Klartext zum Bildungsnotstand

Datum: Montag, 07. März 2022 14:45

Ein Plädoyer für mehr Engagement von Eltern und Staat

Hochwertige Bildung ist eines der 17 Nachhaltigkeitsziele der Vereinten Nationen für unsere Welt. Wir denken dabei meist an Kinder ohne Schulzugang in Afrika oder Asien, sind inzwischen aber selbst auf dem Weg zum Bildungsverlierer.
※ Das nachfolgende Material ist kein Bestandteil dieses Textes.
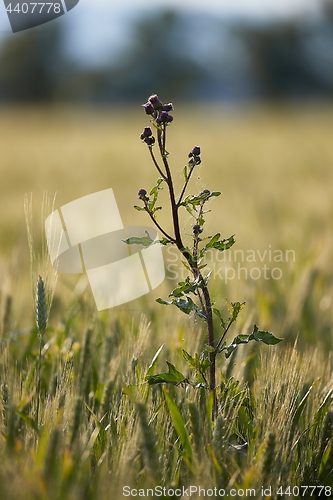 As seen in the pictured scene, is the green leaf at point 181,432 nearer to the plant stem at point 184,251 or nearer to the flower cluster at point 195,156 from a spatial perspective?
the plant stem at point 184,251

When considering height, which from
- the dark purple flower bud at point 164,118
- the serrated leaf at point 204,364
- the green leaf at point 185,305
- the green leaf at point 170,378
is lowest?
the green leaf at point 170,378

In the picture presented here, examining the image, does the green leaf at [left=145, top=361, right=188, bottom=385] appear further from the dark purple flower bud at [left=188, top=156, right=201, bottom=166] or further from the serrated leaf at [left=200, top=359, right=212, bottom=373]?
the dark purple flower bud at [left=188, top=156, right=201, bottom=166]

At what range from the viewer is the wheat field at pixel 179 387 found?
565mm

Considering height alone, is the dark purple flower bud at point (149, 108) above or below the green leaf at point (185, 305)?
above

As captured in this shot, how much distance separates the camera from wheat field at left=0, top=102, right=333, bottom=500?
565 millimetres

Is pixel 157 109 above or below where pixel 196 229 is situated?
above

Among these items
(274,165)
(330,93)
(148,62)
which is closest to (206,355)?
(274,165)

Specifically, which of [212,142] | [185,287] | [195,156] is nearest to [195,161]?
[195,156]

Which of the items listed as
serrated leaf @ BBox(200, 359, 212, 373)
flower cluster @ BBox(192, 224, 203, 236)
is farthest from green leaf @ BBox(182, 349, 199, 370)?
flower cluster @ BBox(192, 224, 203, 236)

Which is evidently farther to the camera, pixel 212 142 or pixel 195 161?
pixel 212 142

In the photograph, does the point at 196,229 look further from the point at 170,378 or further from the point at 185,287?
the point at 170,378

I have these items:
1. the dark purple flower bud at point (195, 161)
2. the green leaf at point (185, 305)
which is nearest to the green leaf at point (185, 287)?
the green leaf at point (185, 305)

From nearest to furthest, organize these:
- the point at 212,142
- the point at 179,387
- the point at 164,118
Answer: the point at 164,118 → the point at 179,387 → the point at 212,142

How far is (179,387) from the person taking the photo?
0.76 m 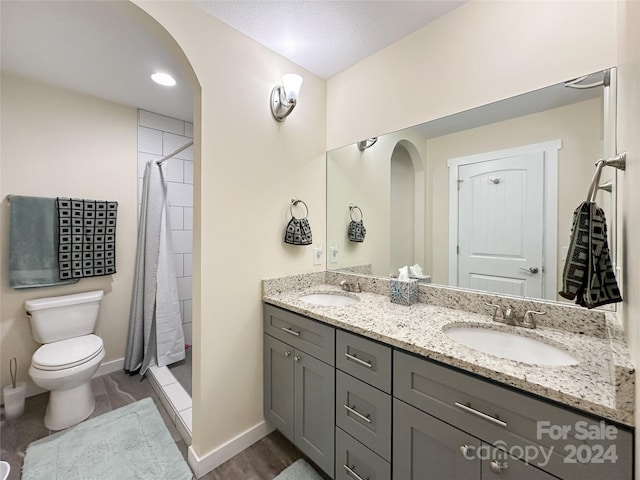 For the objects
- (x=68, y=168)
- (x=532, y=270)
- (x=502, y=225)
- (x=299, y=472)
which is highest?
(x=68, y=168)

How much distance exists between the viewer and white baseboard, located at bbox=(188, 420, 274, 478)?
1413 mm

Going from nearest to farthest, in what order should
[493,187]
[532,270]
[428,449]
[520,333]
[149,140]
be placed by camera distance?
[428,449] < [520,333] < [532,270] < [493,187] < [149,140]

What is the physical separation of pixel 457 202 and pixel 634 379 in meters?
1.04

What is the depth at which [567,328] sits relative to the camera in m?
1.09

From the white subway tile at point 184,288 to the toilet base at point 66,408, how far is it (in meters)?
1.04

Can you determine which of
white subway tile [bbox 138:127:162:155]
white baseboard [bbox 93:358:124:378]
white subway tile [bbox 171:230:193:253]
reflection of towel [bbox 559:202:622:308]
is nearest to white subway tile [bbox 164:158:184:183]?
white subway tile [bbox 138:127:162:155]

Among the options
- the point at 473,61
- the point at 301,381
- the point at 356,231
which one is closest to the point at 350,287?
the point at 356,231

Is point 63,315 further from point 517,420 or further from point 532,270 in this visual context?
point 532,270

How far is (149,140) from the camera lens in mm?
2557

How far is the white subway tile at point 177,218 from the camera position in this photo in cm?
269

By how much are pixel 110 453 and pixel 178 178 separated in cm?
223

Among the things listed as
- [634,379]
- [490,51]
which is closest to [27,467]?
[634,379]

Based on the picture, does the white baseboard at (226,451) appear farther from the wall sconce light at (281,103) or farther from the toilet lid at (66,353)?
the wall sconce light at (281,103)

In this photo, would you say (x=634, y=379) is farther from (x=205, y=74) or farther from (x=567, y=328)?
(x=205, y=74) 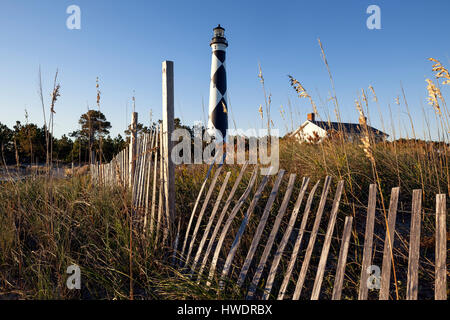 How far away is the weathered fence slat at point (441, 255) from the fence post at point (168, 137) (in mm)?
2180

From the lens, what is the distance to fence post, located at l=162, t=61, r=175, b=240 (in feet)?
9.46

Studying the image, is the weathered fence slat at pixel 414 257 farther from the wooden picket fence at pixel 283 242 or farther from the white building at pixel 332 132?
the white building at pixel 332 132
Zwar ist die Quote der Abiturienten höher denn je und auch ihr Notenschnitt deutlich besser als vor Jahrzehnten – die Realität zeigt uns aber bei deutschen Schulabsolventen eine nachlassende Allgemeinbildung, Konzentration und ein verringertes Vermögen zur Lösung komplexer Probleme. Die vergessene Digitalisierung und marode Infrastruktur der Schulen tut ihr Übriges. Das Bildungsproblem in unserem Land sehen immer mehr Köpfe als besorgniserregender an als das Klimaproblem, denn ohne gute Bildung und Kompetenzen wird unser Land die Basis für die Entwicklung nachhaltiger Lebensverhältnisse verlieren und bei der Lösung künftiger Herausforderungen wenig Beiträge leisten.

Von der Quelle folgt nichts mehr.